Agora, famílias com renda de até R$ 13 mil por mês poderão contratar financiamentos para reformas, ampliações e adequações estruturais em imóveis já existentes. Até então, o teto de renda para participar da linha era menor.
Segundo o texto da nova regra, “a linha de crédito de que trata o caput é voltada aos beneficiários com renda familiar mensal de até R$ 13.000,00”. A modalidade é financiada com recursos do Fundo Social.
Entre os serviços que podem ser incluídos estão troca de telhado, construção de cômodos, melhorias elétricas e hidráulicas e adaptações de acessibilidade.
A portaria também prevê que os financiamentos possam contar com o apoio do FGHab (Fundo Garantidor da Habitação Popular).
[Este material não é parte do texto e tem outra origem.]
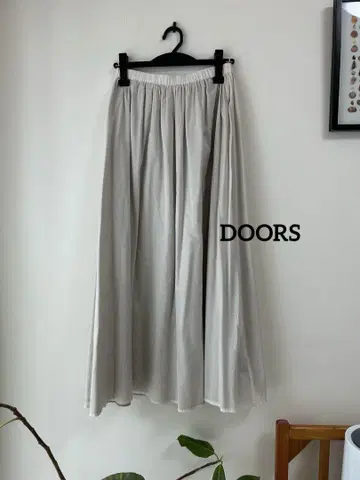 DOORS 코튼 보일 리버서블 스커트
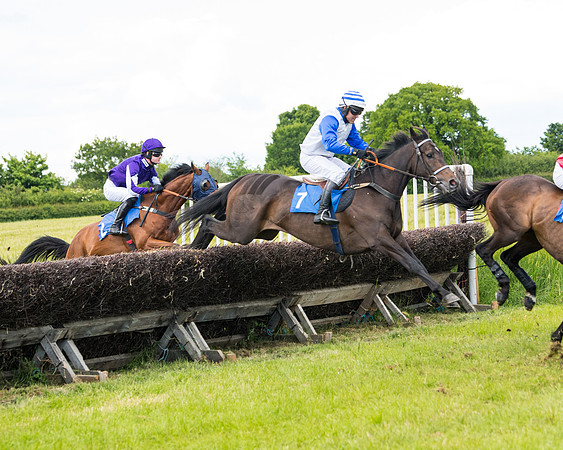 Race 5 - Restricted  (48 of 136)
O texto estabelece que “os financiamentos destinados aos beneficiários com renda familiar mensal de até R$ 13.000,00 podem contar com o apoio do Fundo Garantidor da Habitação Popular”.
O fundo funciona como uma garantia adicional para operações de crédito habitacional, reduzindo riscos para os bancos e facilitando a concessão dos financiamentos.
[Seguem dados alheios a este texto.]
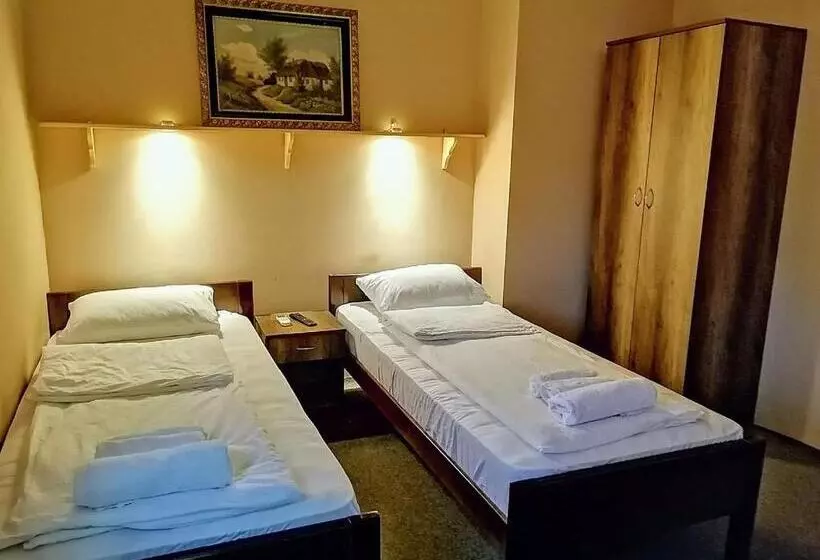 تختخواب و صبحانه Lovački Dom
A mudança ocorre em meio à ampliação gradual das faixas do Minha Casa, Minha Vida promovida pelo governo federal desde 2025. A medida busca alcançar também famílias de renda intermediária afetadas pelo aumento do custo da moradia e do crédito imobiliário.
A nova regra entrou em vigor na própria data da publicação. A portaria é assinada pelo ministro substituto das Cidades, Antonio Vladimir Moura Lima.